Azure Data Factory: Date formats when working with XML in Data Flows

If there was one thing you could guarantee would always go wrong when importing data it's date formats. Some countries like to show dates as dd/MM/yyyy others prefer MM/dd/yyyy and despite formats like yyyy-MM-dd being a thing in programming for a very long time, people seem to still create files with these ambiguous formats.

I found finding out how to specify what format the date is in within a flat file was not obvious. If you go to the dataset item for a XML file, unlike other formats it's missing the schema tab.

This wasn't overly surprising as I've come to find when using Datasets in a Mapping Data Flow half the time it seems to ignore any schema definition, or if you use wildcard paths it even seems to ignore all the path settings on the dataset.

Within the Data Flow, the source has a projection tab which will import a schema from your xml file. If your data looks like a date, then this will hopefully set the data type to date.

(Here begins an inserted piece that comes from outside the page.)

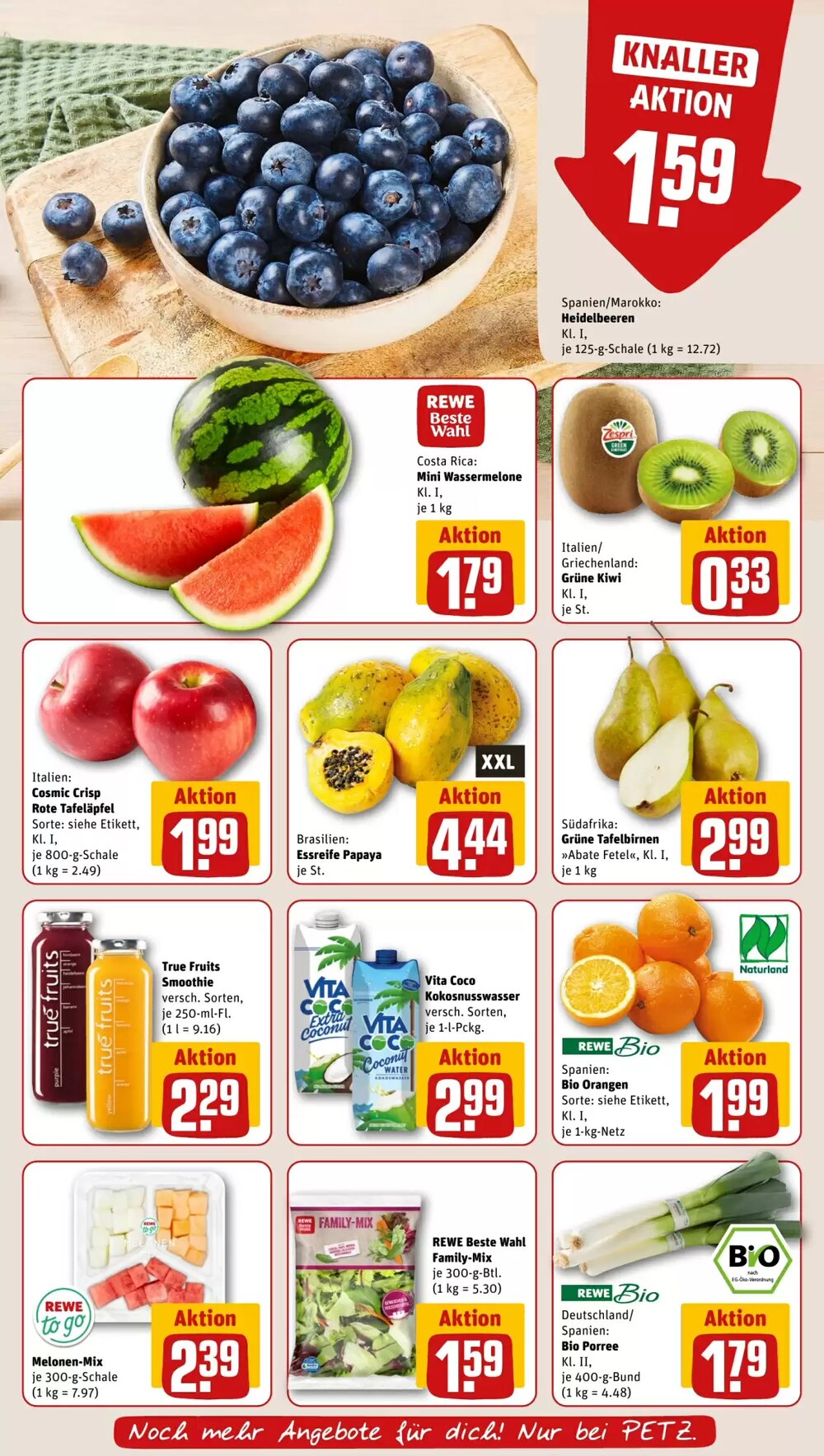 REWE PETZ Prospekt (ab 06.04.2026) zum Blättern - Seite 6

One thing I found was having data in dd/MM/yyyy resulted in a format of string rather than date. Annoyingly unless you want to start manually editing the script the UI generates, there's no way of fixing the projection.

Assuming you have a date as the data type this is a good start, but I then found when I ran my data flow which had dates in dd/MM/yyyy, the date field was blank! So it definitely knows it's a date and not a string, but it's doesn't like the format so it's ignored the data.

Back on the projection tab of the source there is another button "Define default format". This will open a side panel where you can set what format your dates, times, whole numbers and fractions will be in. Once I had set this, my dates started feeding through.